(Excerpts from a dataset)
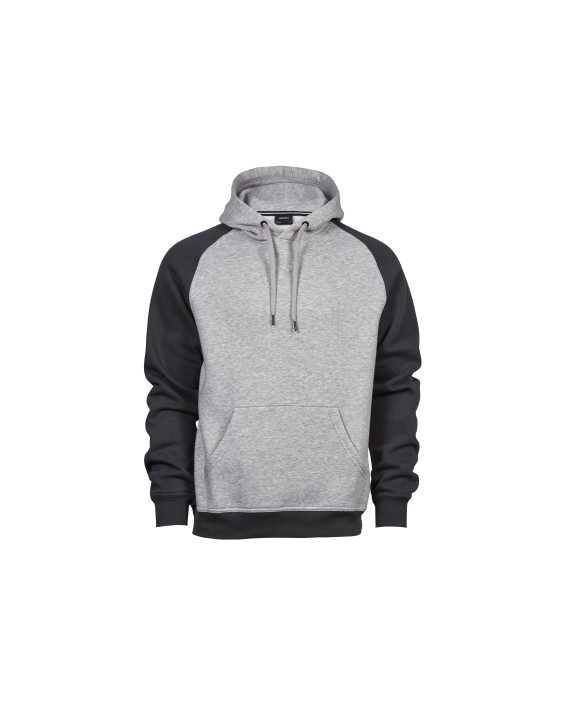 TEE JAYS TWO-TONE  HOODED SWEATSHIRT Sweatshirt personalisierbar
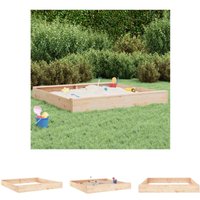 Sandkasten mit Sitzen Quadratisch Massivholz Kiefer - Sandkästen - Braun - The Living Store von THE LIVING STORE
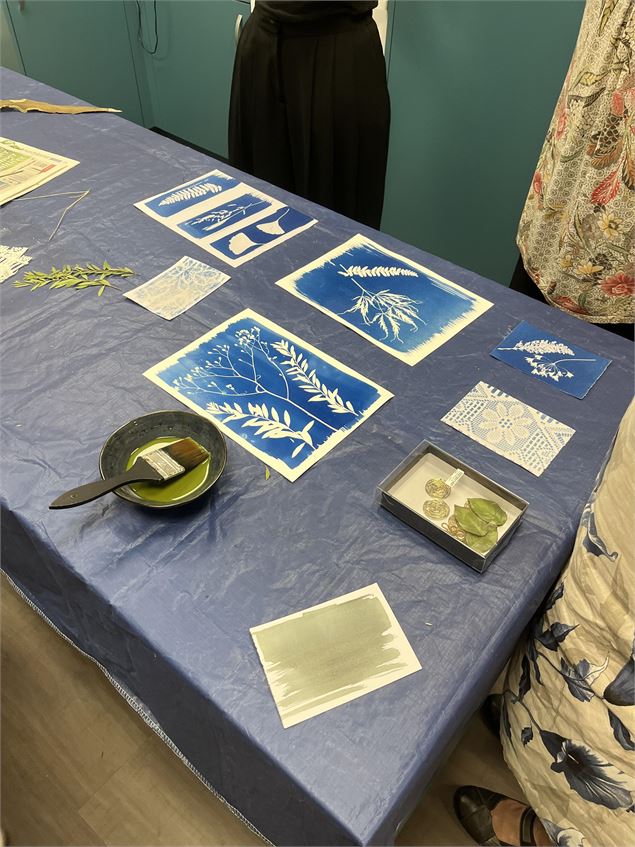 Atelier créatif - Cyanotype - OT le Costellan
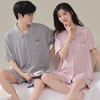 【冰冰凉凉！莫代尔睡衣】柔软围绕，睡个好觉，情侣开衫凉感型家居服，舒适透气夏季短袖短裤，夏天女士大码家居可外出服套装L 商品缩略图3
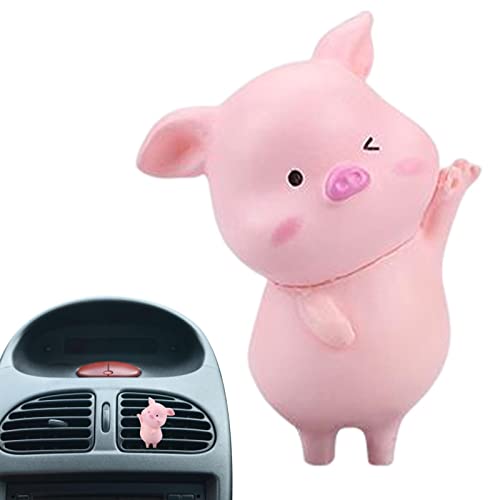 ar ventilação carro - Ambientadores carro 3D Pig, Ambientadores para carros - Difusor ar saída anima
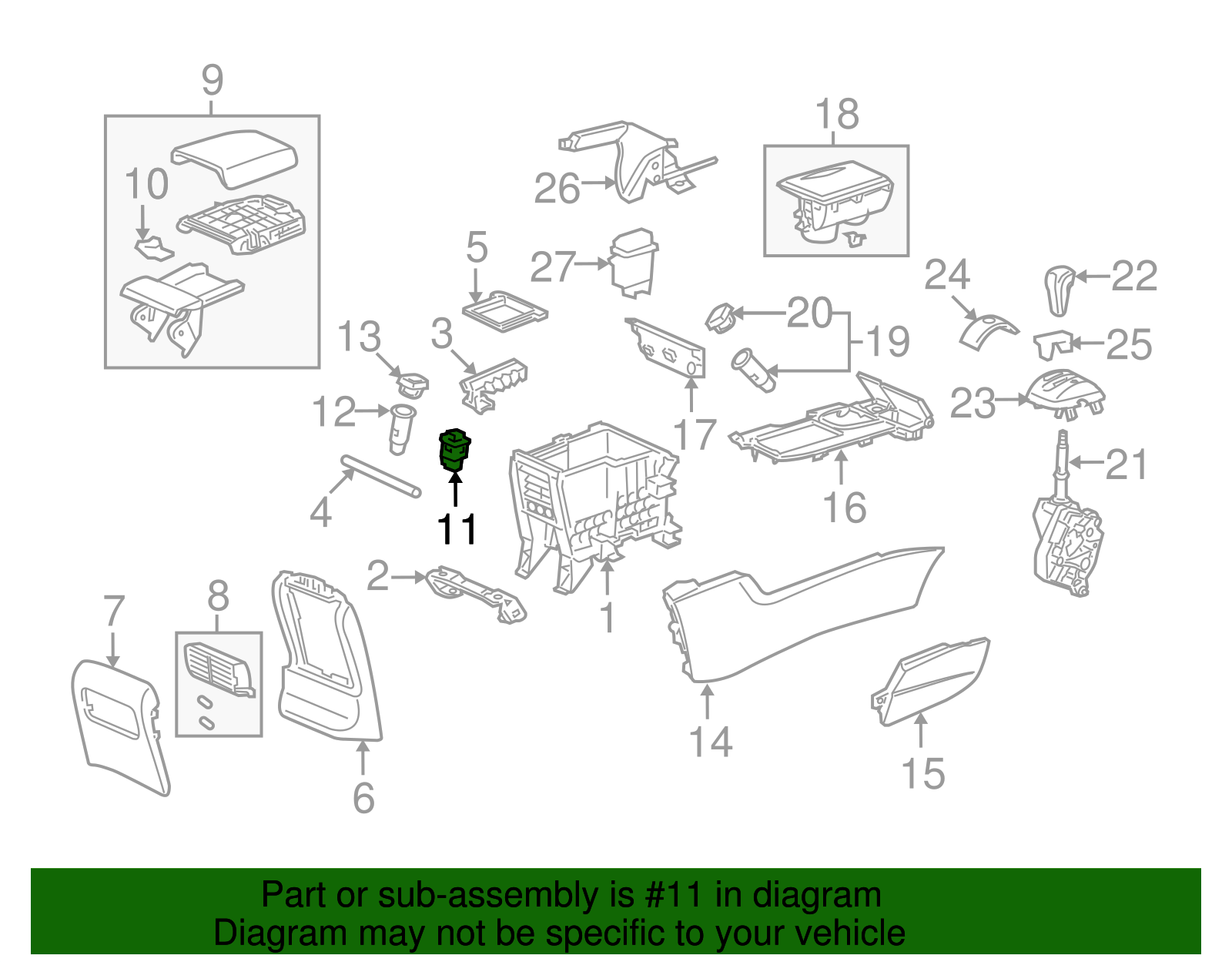 Genuine Honda 39112-T0A-A01 Auxiliary Input Jack Assembly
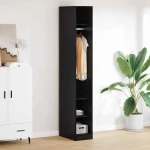 vidaXL Ντουλάπι με ράφι Μαύρη Οξυά 50 x 30 x 200 εκ Επεξεργασμένο ξύλο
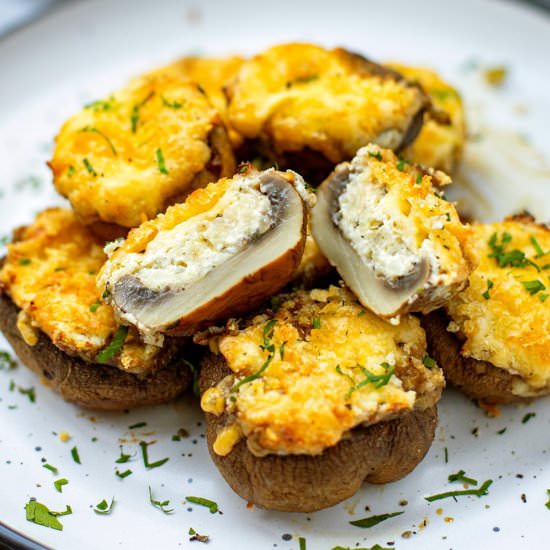 Air Fryer Stuffed Mushrooms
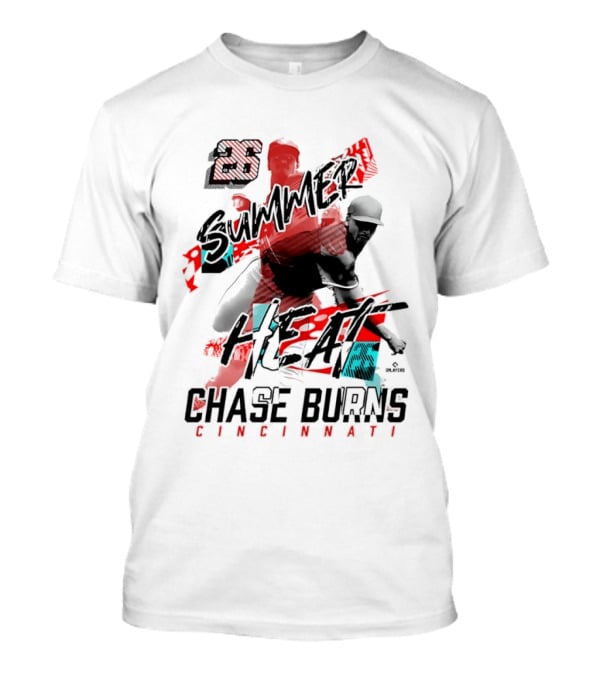 26 Summer Heat Chase Burns Cincinnati Reds T-Shirt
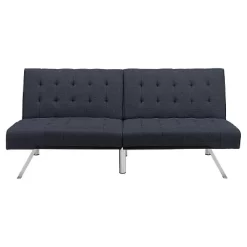 Eve Velvet Upholstered Convertible Futon - Room & Joy -Room & Joy GUEST 4aa3627f a201 4379 b758 ef1c51bd364c
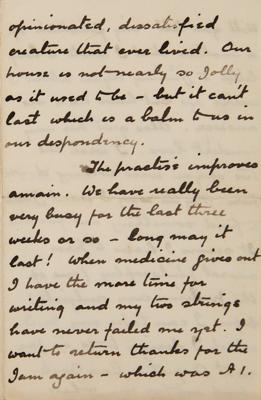 Lot #520 Arthur Conan Doyle Autograph Letter Signed on an Unwelcome Lodger: 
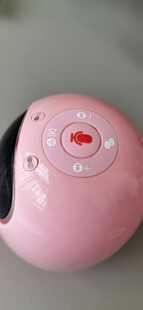 粉色可爱智能机器人按键按钮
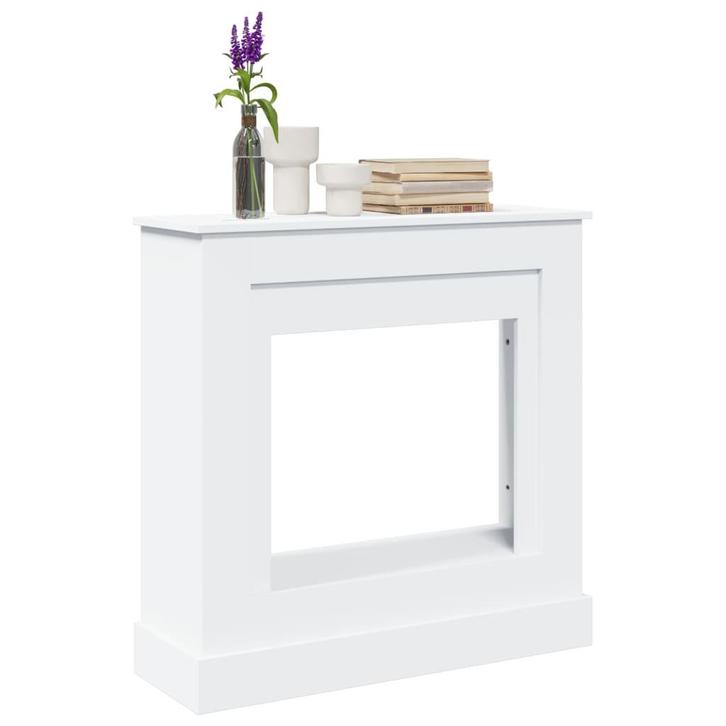 vidaXL Haardombouw 90x30x90 cm bewerkt hout wit, Huis en Inrichting, Kachels, Nieuw, Verzenden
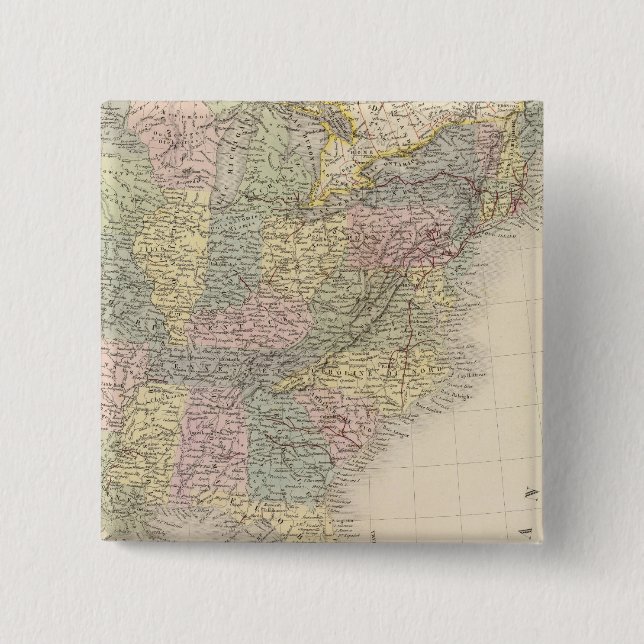Badge Carré 5 Cm États-Unis d'Amérique 9 (Devant)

▶ _Aim of the task_
Each record above, in full: return it exactly, pictures excluded.

▶ _Worked solution_
 TEE JAYS TWO-TONE  HOODED SWEATSHIRT Sweatshirt personalisierbar
 Sandkasten mit Sitzen Quadratisch Massivholz Kiefer - Sandkästen - Braun - The Living Store von THE LIVING STORE
 Atelier créatif - Cyanotype - OT le Costellan
 【冰冰凉凉！莫代尔睡衣】柔软围绕，睡个好觉，情侣开衫凉感型家居服，舒适透气夏季短袖短裤，夏天女士大码家居可外出服套装L 商品缩略图3
 ar ventilação carro - Ambientadores carro 3D Pig, Ambientadores para carros - Difusor ar saída anima
 Genuine Honda 39112-T0A-A01 Auxiliary Input Jack Assembly
 vidaXL Ντουλάπι με ράφι Μαύρη Οξυά 50 x 30 x 200 εκ Επεξεργασμένο ξύλο
 Air Fryer Stuffed Mushrooms
 26 Summer Heat Chase Burns Cincinnati Reds T-Shirt
 Eve Velvet Upholstered Convertible Futon - Room & Joy -Room & Joy GUEST 4aa3627f a201 4379 b758 ef1c51bd364c
 Lot #520 Arthur Conan Doyle Autograph Letter Signed on an Unwelcome Lodger: 
 粉色可爱智能机器人按键按钮
 vidaXL Haardombouw 90x30x90 cm bewerkt hout wit, Huis en Inrichting, Kachels, Nieuw, Verzenden
Badge Carré 5 Cm États-Unis d'Amérique 9 (Devant)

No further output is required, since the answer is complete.